The PRE() function typically starts with invoking the PRINT() macro. This
PRINT() macro implements support for the --trace-syscalls command line option.
In this case, ARG1 is a pointer and, instead of using the pointer format specifier
%p, we use the hex number format %#x with the macro FMT_REGWORD. This macro will
expand to "l" or "ll" corresponding to the register size for the platform being
used. This is needed to make the code platform-independent so that it works for
platforms such as N32 MIPS where the registers are 64 bits but pointers are
32 bits. If the syscall wrapper that you are writing is either a generic wrapper
or is for Linux, then you should use FMT_REGWORD for the register size.

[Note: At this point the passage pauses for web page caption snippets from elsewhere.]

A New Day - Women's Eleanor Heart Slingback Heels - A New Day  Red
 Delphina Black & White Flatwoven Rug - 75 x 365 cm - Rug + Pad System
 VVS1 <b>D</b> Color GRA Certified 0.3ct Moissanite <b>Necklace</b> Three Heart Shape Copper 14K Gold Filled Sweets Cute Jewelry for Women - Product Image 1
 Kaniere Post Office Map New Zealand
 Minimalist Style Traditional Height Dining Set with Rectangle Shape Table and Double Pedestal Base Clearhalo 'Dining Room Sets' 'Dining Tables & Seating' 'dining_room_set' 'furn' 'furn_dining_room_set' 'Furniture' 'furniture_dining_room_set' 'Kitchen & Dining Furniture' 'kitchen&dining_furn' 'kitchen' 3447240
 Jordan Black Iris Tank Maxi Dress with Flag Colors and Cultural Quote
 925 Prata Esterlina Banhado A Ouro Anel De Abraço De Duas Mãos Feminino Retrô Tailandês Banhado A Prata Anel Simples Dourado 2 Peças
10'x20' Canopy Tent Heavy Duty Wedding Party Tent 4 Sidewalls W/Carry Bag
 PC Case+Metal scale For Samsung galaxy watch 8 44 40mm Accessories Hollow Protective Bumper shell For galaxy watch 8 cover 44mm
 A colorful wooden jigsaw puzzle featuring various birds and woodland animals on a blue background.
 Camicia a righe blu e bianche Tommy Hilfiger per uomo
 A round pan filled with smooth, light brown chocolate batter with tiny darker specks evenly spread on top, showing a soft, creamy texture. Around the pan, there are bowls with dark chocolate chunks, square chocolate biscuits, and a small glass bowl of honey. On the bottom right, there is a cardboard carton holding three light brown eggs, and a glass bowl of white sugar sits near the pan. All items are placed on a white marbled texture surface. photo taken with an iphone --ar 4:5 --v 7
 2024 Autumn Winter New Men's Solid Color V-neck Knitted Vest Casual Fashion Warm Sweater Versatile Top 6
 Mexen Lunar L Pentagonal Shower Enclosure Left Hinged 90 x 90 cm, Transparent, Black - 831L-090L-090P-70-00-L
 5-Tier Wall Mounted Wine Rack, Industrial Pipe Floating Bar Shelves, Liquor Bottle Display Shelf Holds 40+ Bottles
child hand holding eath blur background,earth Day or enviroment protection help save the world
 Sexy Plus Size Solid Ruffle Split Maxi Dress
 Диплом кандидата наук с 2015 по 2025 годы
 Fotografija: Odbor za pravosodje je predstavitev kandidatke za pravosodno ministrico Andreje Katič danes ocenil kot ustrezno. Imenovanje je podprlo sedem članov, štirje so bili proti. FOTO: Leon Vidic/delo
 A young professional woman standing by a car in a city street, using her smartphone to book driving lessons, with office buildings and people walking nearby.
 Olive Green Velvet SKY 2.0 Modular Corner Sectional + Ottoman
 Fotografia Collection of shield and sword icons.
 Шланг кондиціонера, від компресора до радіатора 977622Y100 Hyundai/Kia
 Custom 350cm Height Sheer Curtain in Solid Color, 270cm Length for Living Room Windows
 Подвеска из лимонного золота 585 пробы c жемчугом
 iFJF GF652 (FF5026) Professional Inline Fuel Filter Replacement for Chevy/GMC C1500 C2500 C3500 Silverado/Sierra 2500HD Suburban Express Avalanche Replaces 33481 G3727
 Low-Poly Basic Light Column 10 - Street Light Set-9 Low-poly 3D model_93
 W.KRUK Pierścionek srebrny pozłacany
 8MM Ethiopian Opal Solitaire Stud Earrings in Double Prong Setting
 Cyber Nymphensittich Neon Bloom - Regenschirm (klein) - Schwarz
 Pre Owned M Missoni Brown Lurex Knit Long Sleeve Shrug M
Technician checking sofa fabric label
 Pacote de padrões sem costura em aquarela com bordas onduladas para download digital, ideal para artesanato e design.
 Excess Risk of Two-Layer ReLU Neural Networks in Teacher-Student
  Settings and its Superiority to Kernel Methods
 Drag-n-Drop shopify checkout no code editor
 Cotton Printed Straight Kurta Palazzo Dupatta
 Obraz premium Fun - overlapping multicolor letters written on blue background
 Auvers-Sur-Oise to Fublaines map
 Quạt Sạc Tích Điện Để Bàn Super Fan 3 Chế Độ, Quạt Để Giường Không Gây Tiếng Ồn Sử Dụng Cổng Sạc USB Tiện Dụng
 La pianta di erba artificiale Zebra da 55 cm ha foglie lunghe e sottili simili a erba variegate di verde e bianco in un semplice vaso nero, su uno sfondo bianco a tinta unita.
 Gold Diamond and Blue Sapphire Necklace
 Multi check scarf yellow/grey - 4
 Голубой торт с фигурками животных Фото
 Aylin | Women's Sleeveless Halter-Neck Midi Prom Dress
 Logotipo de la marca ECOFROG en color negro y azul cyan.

Even on
other platforms it is better as it makes the code more future-proof.
Next, the tool is told the return type of the syscall, that the syscall has
one argument, the type of the syscall argument and that the argument is being
read from a register:
PRE_REG_READ1(long, "time", int *, t);
Next, if a non-NULL buffer is passed in as the argument, tell the tool that the
buffer is about to be written to:
if (ARG1 != 0) {
PRE_MEM_WRITE( "time", ARG1, sizeof(vki_time_t) );
}
Finally, the really important bit, after the syscall occurs, in the POST()
function: if, and only if, the system call was successful, tell the tool that
the memory was written:
if (ARG1 != 0) {
POST_MEM_WRITE( ARG1, sizeof(vki_time_t) );
}
The POST() function won't be called if the syscall failed, so you
don't need to worry about checking that in the POST() function.
Note: this is sometimes a bug; some syscalls do return results when
they "fail" - for example, nanosleep returns the amount of unslept
time if interrupted. Linux just uses a return code to indicate success
or failure. This situation is a bit more complicated on non-Linux systems.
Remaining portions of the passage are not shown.